Interactions can be mediated by the presence of specific features, such as motifs, surface patches and domains. The co-occurrence of these features on proteins interacting with the same protein can indicate mutually exclusive interactions and, therefore, can be used for inferring the involvement of the proteins in common biological processes.

We present here a publicly available server that allows the user to investigate protein interaction data in light of other biological information, such as their sequences, presence of specific domains, process and component ontologies. The server can be effectively used to construct a high-confidence set of mutually exclusive interactions by identifying similar features in groups of proteins sharing a common interaction partner. As an example, we describe here the identification of common motifs, function, cellular localization and domains in different datasets of yeast interactions.

Conclusions

The server can be used to analyse user-supplied datasets, it contains pre-processed data for four yeast Protein Protein interaction datasets and the results of their statistical analysis. These show that the presence of common motifs in proteins interacting with the same partner is a valuable source of information, it can be used to investigate the properties of the interacting proteins and provides information that can be effectively integrated with other sources. As more experimental interaction data become available, this tool will become more and more useful to gain a more detailed picture of the interactome.

Background

Protein functions are mediated and regulated through a complex network of interactions [1]. In many cases proteins physically bind to each other to absolve their role, and the interaction is often mediated by the physical binding of some of their subunits, such as domains, surface patches or small regions composed of a few residues called motifs [2-4]. Although the latter is rather frequent, there have been few attempts to systematically explore the information that they provide at the genomic level. Motif recognition has proven to be very useful in many biological contexts, but is not an easy task [3,5,6]. Motifs are often short in length (three to twelve residues), they are often located in disordered regions of the proteins and their conservation is limited to closely related species. Nevertheless the identification of shared motifs has proven to be very useful to characterize protein interactions (e.g. the binding of the SH3 domain to the PxxP local sequence), function (DNA binding), localization (nuclear localization signal) and domain fingerprints (PROSITE [4]).

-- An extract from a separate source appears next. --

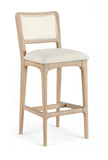 Atrium Cane Back And Vegan Leather Upholstered Seat Bar Stool — 77092-C - Cream - 77092Cream-C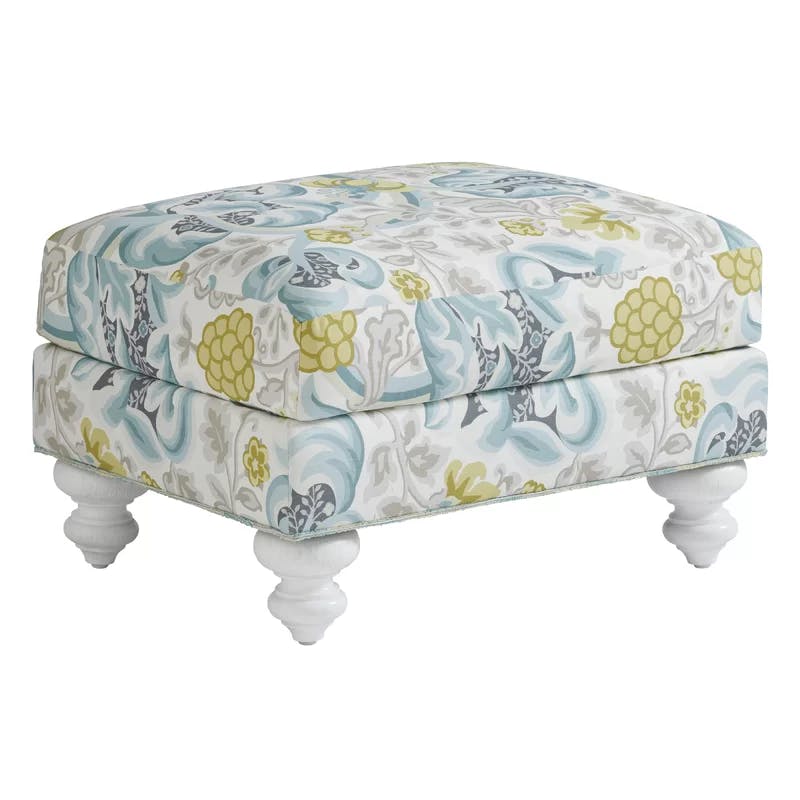 Seashell White Gilmore Solid Wood Ottoman with Cotton Blend Upholstery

The recent development of high-throughput technologies for detecting protein-protein interactions (PPIs) has produced many publicly available databases [1,7-10]. Although the accuracy of the data is not always optimal [11,12], the information they provide is of primary importance for formulating biologically relevant hypotheses and it is therefore essential to develop tools for analysing and dissecting them. There are methods that make use of different biological data to assess the reliability of interactions: gene expression [13], homology [14], Gene Ontology (GO) annotations [15], phylogenetic features [16], synthetic lethality, domain interaction [17], and a combination of these [18]. PPI maps have also been mined to infer functional similarity, domain interactions and protein motifs [5,19,20].

In this work we describe a server for simplifying the analysis of the features shared by proteins interacting with the same partner. We show here its power by investigating the presence of sequence motifs in yeast PPI maps and their correlation with the presence of similar Gene Ontology annotations (process and component) [15] and Pfam domains [21]. The result of our analysis is that the information that can be gained by motif detection is relevant and coherent with functional, localization and domain data but it is not redundant with respect to these other sources of information. It is indeed possible to exploit the presence of common motifs to identify mutually exclusive interactions and to estimate the reliability of a PPI map.

Results and discussion

The MoVIN server

The MoVIN server can load experimental PPI datasets and perform an analysis of sets of interactions sharing a common partner (Figure 1). It contains pre-computed data for four dataset for S. cerevisiae of different size, level of curation and estimated false positive rate, which overlap only partially (see Methods).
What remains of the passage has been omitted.